Secular Students of the Military: The Naval Academy

This is the first post in a series of interviews with secular students and leaders in the U.S. military, inspired by comments on this post. Different Academy students correctly pointed out that each branch of the military has a different culture and levels of religiosity, yet you will see here that all are fairly religious. Non-theistic student groups in the military do not have the same ease-of-formation or resources as found on civilian campuses. So, to get a handle on what secular students are experiencing in the military, I spoke with members of non-theistic groups at each academy.

The Naval Academy Freethinkers and Atheists (NAFA) formed two years ago, partially after then-midshipman Cameron Thornberry noticed the Noon Meal Prayer, a practice the Anti-Defamation League and the American Civil Liberties Union have both protested.

From one student (emphasis mine):

The chaplain is different everyday but normally four Christian speakers and a Rabbi present throughout the week. Some use it as a moral ethical lesson for all (notably recently-retired Rabbi Phillips who was NAFA’s Officer Representative) and really don’t mention a specific deity while others will sing a prayer or say [one deity] specifically. Occasionally professors speak out against it.

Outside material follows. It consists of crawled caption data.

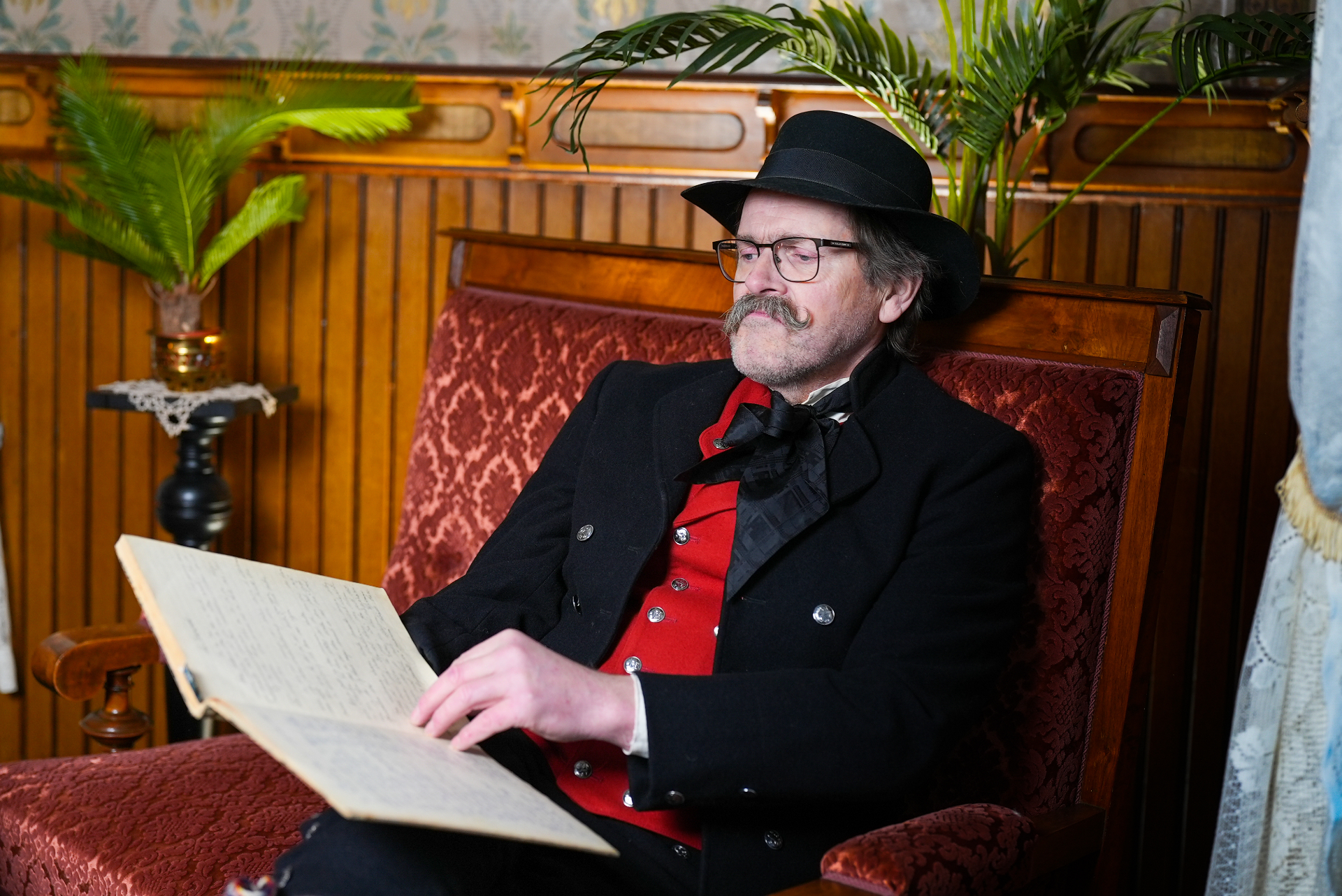 Storyteller in black hat and red bunad vest reading from an old handwritten ledger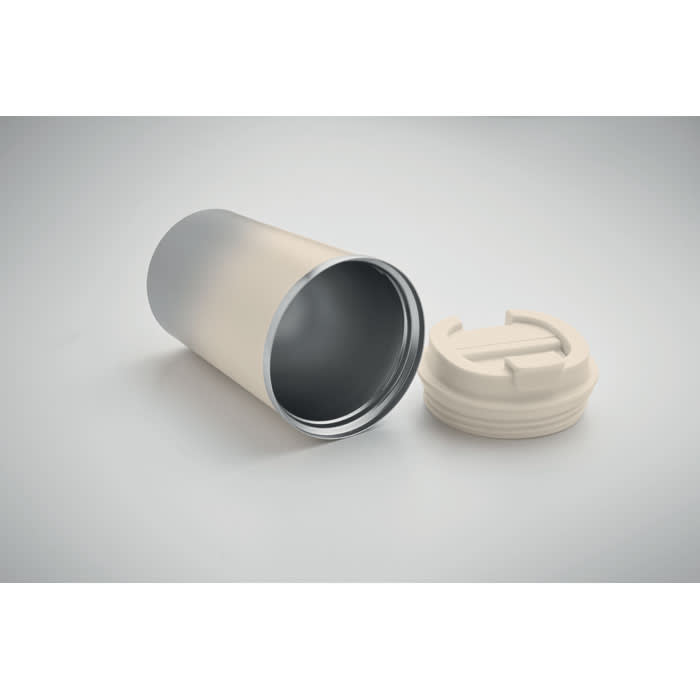 A cylindrical drink bottle in gradient cream and silver, with a removable white lid beside it.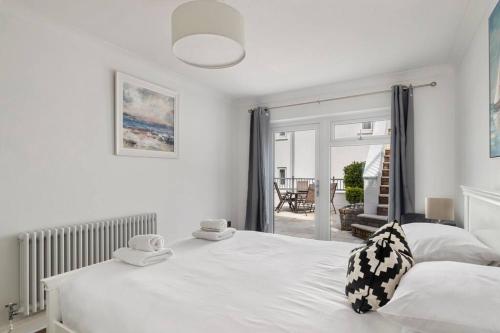 a bedroom with a white bed with two towels on it at Stunning Property Seaviews, Private Pool & Parking in Saundersfoot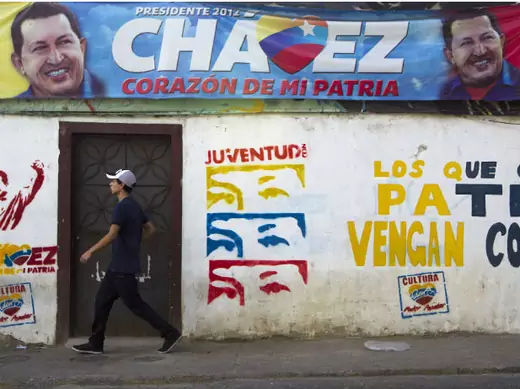 A man walks past a mural depicting Venezuelan President Hugo Chavez in Caracas (Carlos Garcia Rawlins/Courtesy Reuters).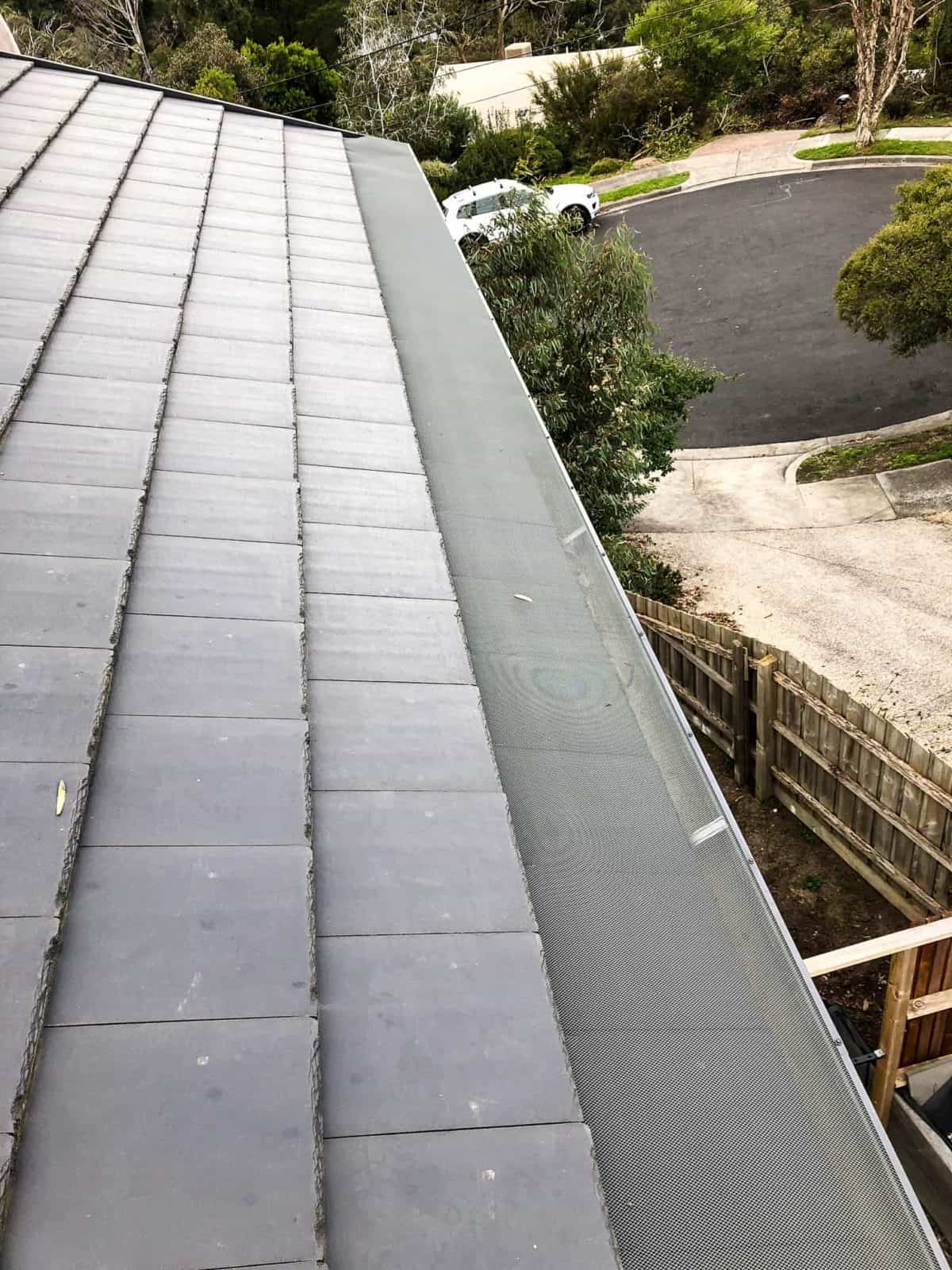 tile roof with gutter guard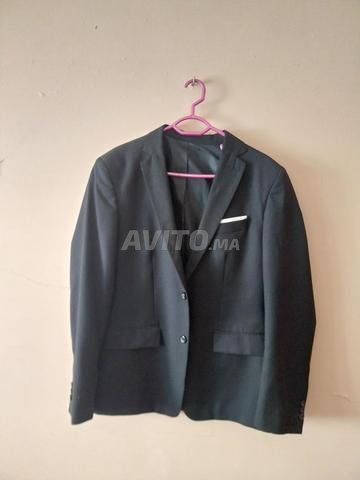 Vêtements en bon état - 2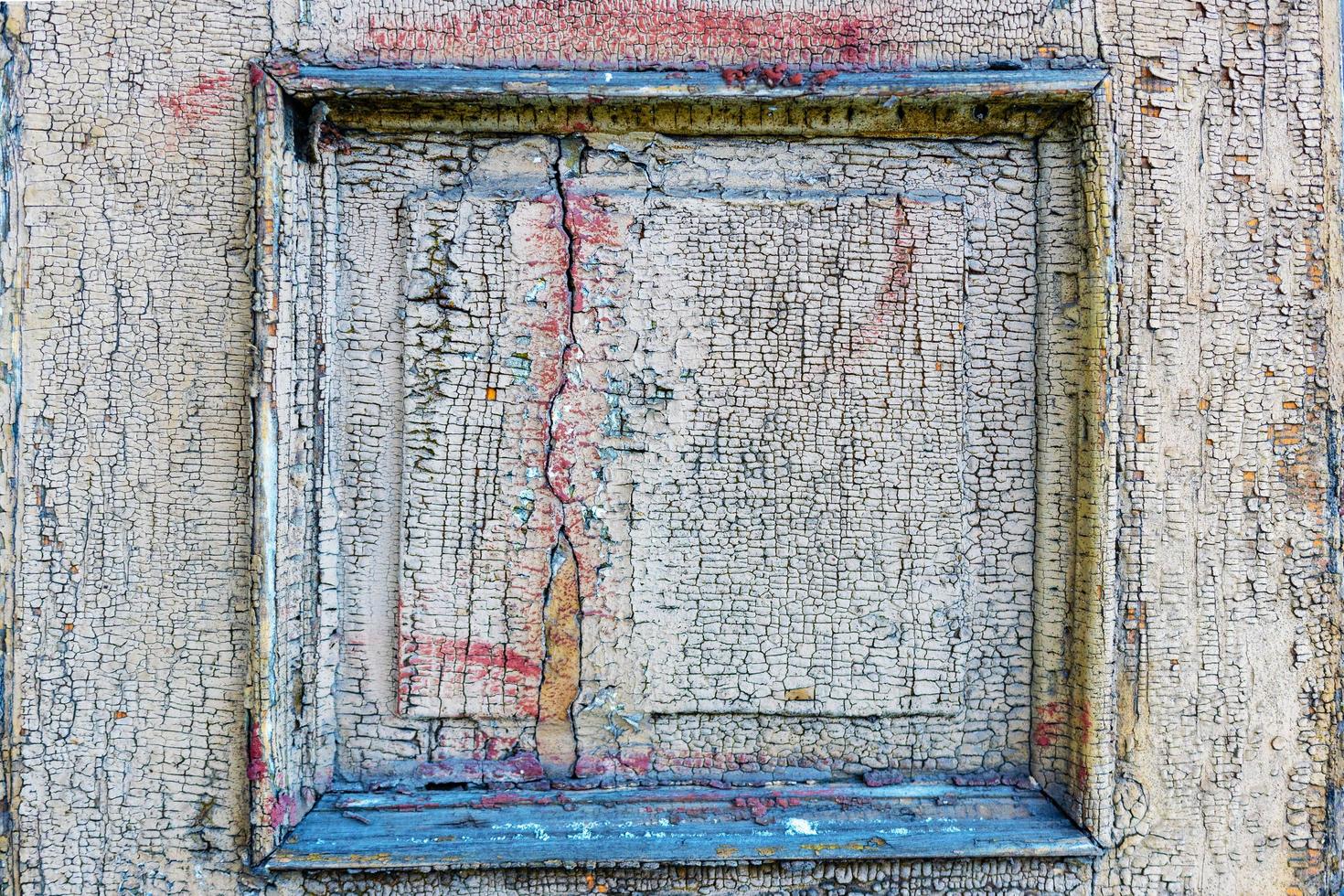 Close-up photo. A fragment of a wooden door with a broken color. photo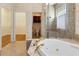 Bathroom features a large soaking tub, walk-in shower, and a separate toilet area at 1280 Osprey Landing Dr, Lakeland, FL 33813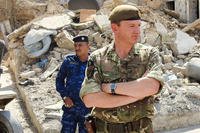 British Maj. Gen. Christopher Ghika, Combined Joint Task Force – Operation Inherent Resolve Deputy Commander is escorted through the streets of Mosul to observe the destruction caused by ISIS, Oct. 9, 2018. (U.S. Army photo)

While the Noon Meal Prayer still stands at the United States Naval Academy (though the Military and Air Force academies have both abandoned the practice), these and similar impositions of religion in official activities sparked Thornberry’s interest in groups for non-theists in the military academies and lead to the establishment of NAFA. Thornberry served as its first President.

I spoke with both the 2011-2012 executive board as well as leaders for the 2012-2013 school year:

Naval Academy Freethinkers and Atheists with PZ Myers (third from left)

Tell me about your group.

Our group is an open and welcome community for nontheists that focuses on science, philosophy, religious education and tolerance, and pertinent constitutional issues, while providing an open venue to fellow nontheists to express their opinions, beliefs, views, etc. We also enjoy each other’s company and love low key meetings as well – where we relax, eat pizza, and watch relevant movies/video clips. We currently have a member list of approximately 110 midshipmen but approximately 40 active and passionate members.

We came into being last spring, where I actually discovered comparable groups such as the USAFA Freethinkers and West Point SSA that were staunchly supported by Jason Torpy and MAAF. I knew then (February 2011) that Navy needed a nontheist group as well, and by the end of the semester I had coordinated an initial interest meeting and readied our group for the upcoming school year. During the summer, NAFA coordinated a plebe summer program with the local Unitarian Universalist Church of Annapolis (UUCA), thanks to the hard work and support of Rabbi Phillips at USNA and Cliff Andrews at UUCA. Cliff and two other UU’s led Sunday morning meetings for all interested nontheist plebes and we saw an average attendance of about 10-15 plebes every Sunday.  These meetings were a place to relax, affirm nontheist identity (a bit intimidating when starting at a military academy), and discuss science, philosophy, etc., similar to NAFA’s school year meetings.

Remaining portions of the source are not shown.